▸ THE TASK:
Below is a listing. Return the lines from the one that contains "55 Algonquin Lane, Ashfield-Colborne-Wawanosh, Ontario" to the one that contains "Monte Simeone לינה וארוחת בוקר", both ends included, verbatim and with no pictures.

▸ AVAILABLE RECORDS:
★ ★ ★ ★

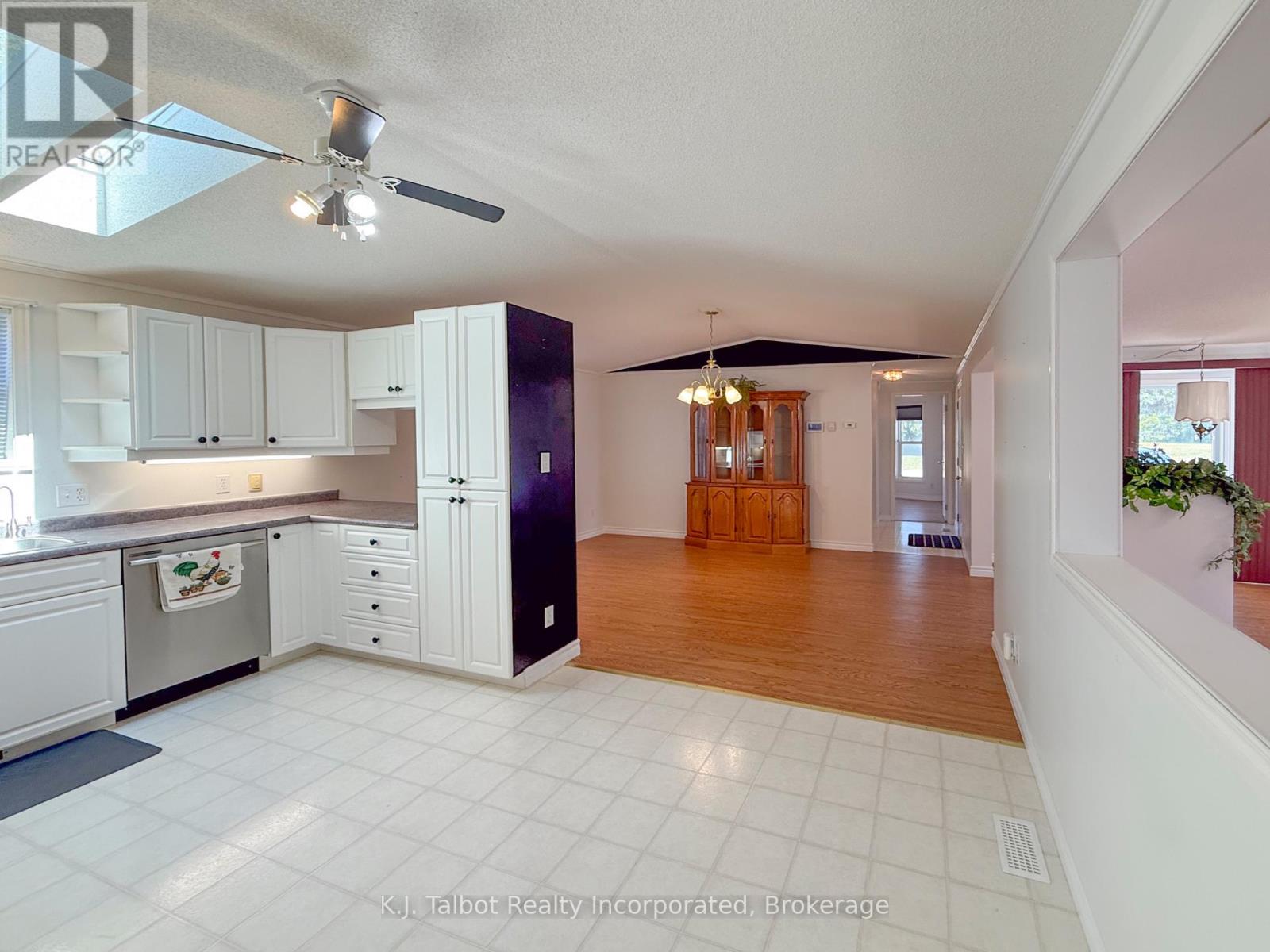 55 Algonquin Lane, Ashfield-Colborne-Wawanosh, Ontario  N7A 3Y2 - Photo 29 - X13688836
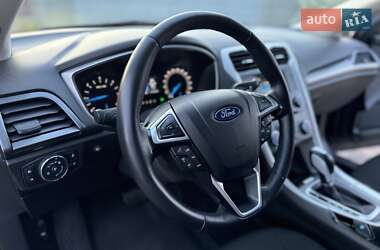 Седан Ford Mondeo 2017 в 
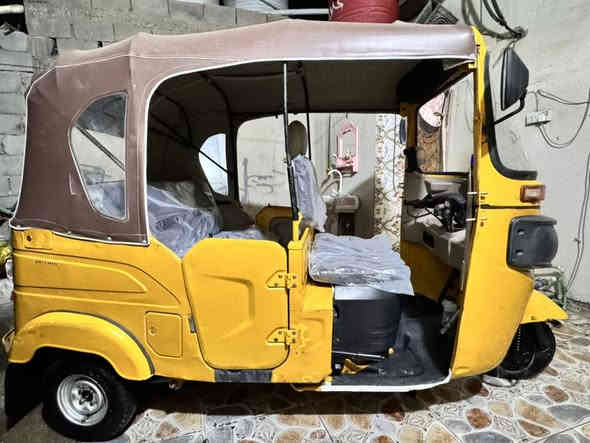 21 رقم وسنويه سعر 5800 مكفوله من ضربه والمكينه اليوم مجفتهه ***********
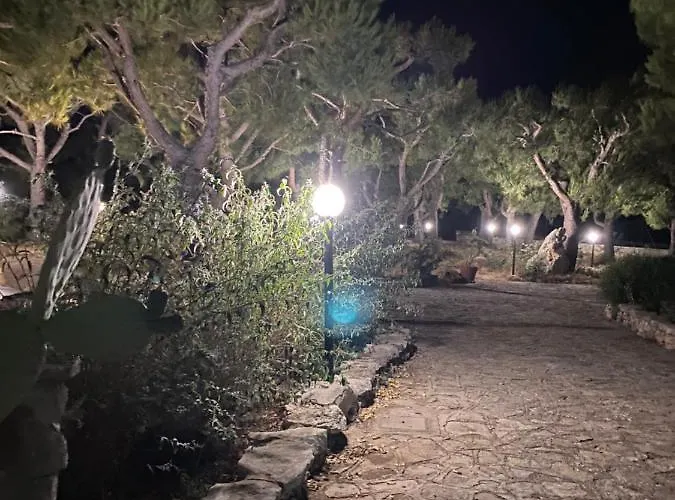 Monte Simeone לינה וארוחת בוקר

★ ★ ★ ★

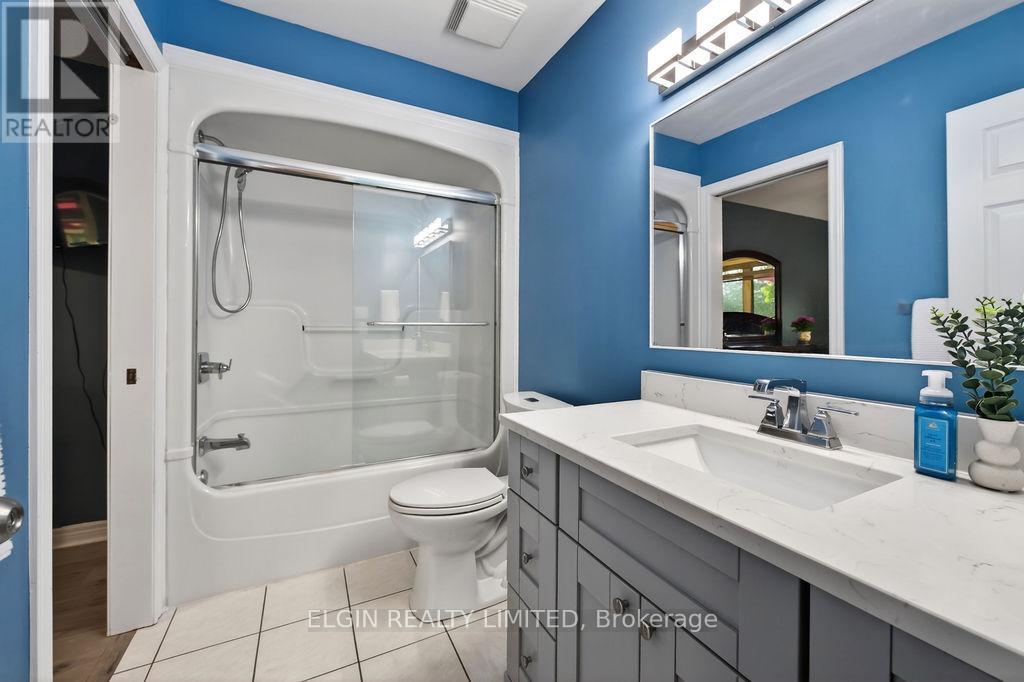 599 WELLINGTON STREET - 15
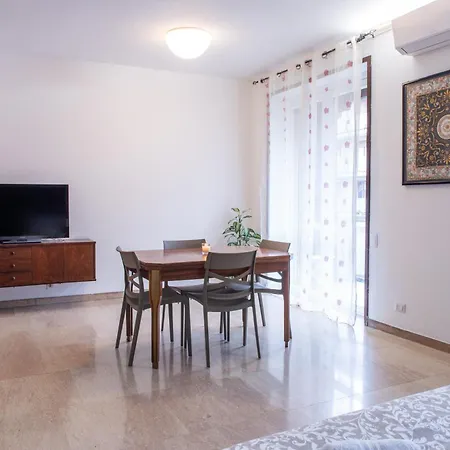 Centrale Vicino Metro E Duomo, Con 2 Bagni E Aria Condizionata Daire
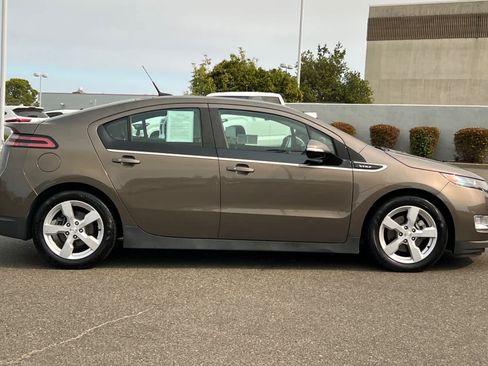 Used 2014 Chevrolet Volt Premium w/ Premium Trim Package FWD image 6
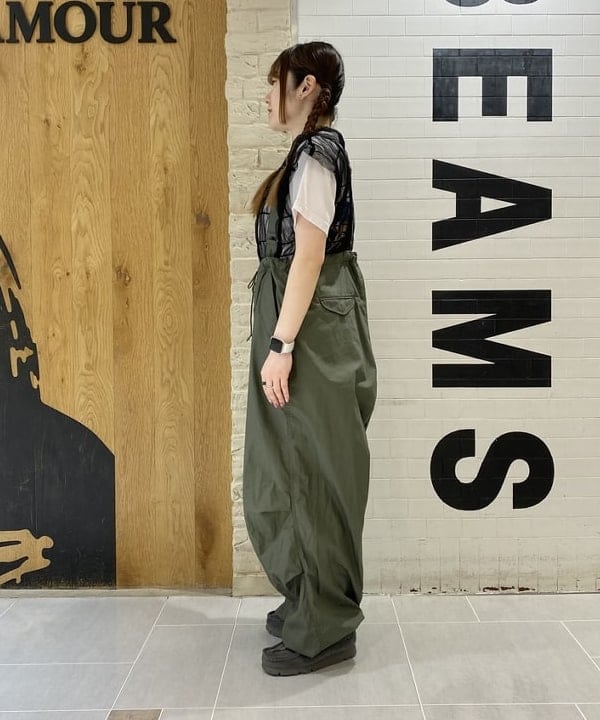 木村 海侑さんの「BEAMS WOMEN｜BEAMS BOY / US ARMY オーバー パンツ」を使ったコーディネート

★ ★ ★ ★

▸ ANSWER SECTION:
 55 Algonquin Lane, Ashfield-Colborne-Wawanosh, Ontario  N7A 3Y2 - Photo 29 - X13688836
 Седан Ford Mondeo 2017 в 
 21 رقم وسنويه سعر 5800 مكفوله من ضربه والمكينه اليوم مجفتهه ***********
 Monte Simeone לינה וארוחת בוקר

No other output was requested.